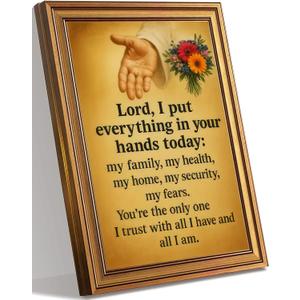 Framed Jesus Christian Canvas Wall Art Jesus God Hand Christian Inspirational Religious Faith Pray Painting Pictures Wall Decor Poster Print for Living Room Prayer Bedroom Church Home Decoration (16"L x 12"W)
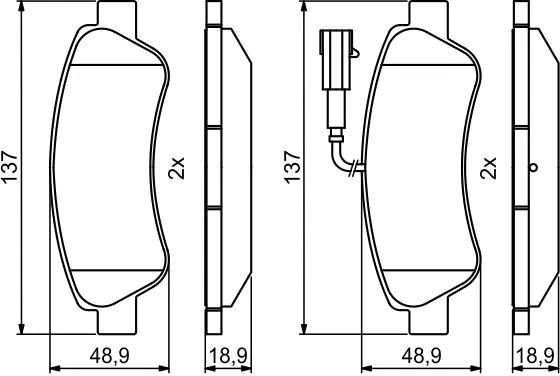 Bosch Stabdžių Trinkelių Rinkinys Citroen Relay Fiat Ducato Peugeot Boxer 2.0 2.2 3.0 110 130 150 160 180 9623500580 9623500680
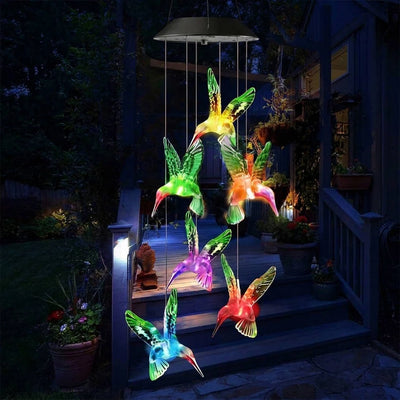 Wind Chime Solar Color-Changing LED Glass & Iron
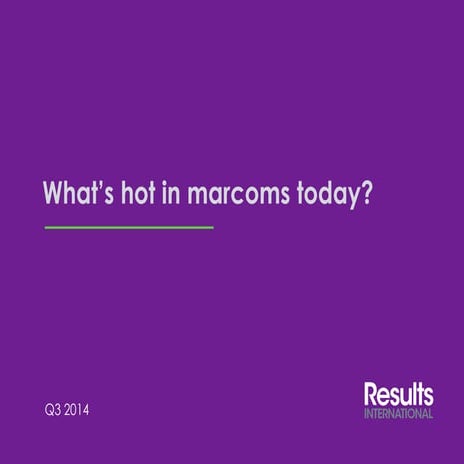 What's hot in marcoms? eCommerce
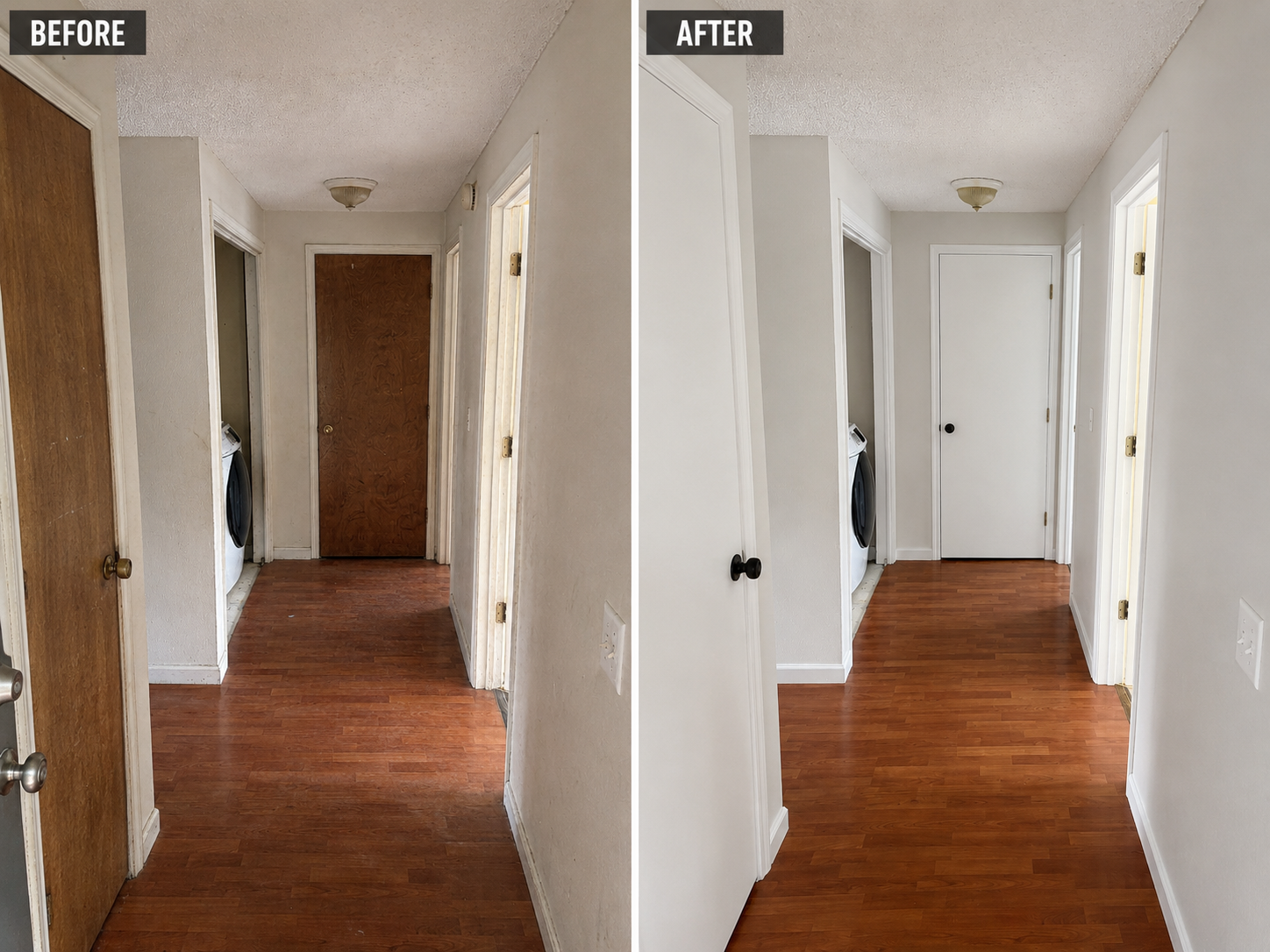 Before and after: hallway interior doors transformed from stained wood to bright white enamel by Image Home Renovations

※ ※ ※

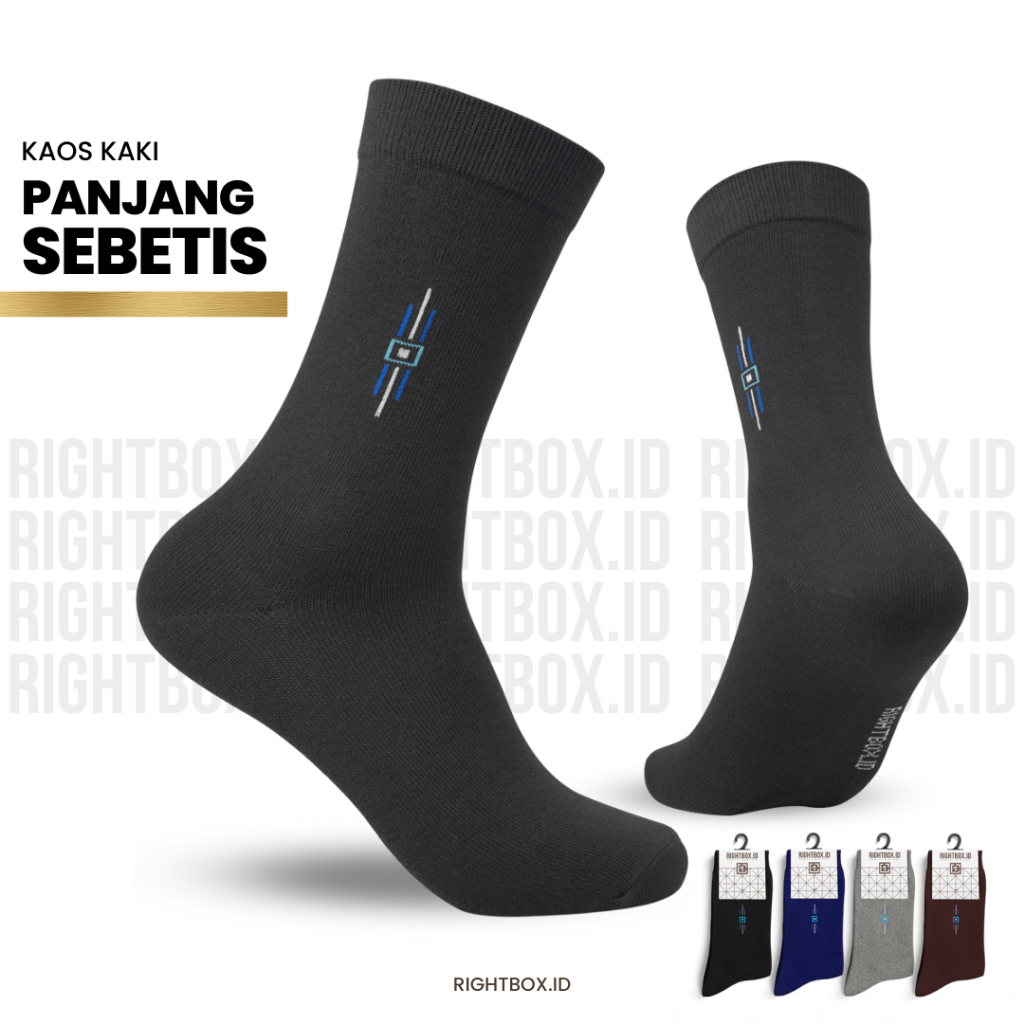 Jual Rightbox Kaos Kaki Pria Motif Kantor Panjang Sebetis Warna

※ ※ ※

Exercise aim:
Using the entries above, repeat exactly the lines from the one with "Bosch Stabdžių Trinkelių" to the one with "Before and after: hallway", both included, and leave the pictures behind.

Response to this task:
 Bosch Stabdžių Trinkelių Rinkinys Citroen Relay Fiat Ducato Peugeot Boxer 2.0 2.2 3.0 110 130 150 160 180 9623500580 9623500680
 Wind Chime Solar Color-Changing LED Glass & Iron
 What's hot in marcoms? eCommerce
 Before and after: hallway interior doors transformed from stained wood to bright white enamel by Image Home Renovations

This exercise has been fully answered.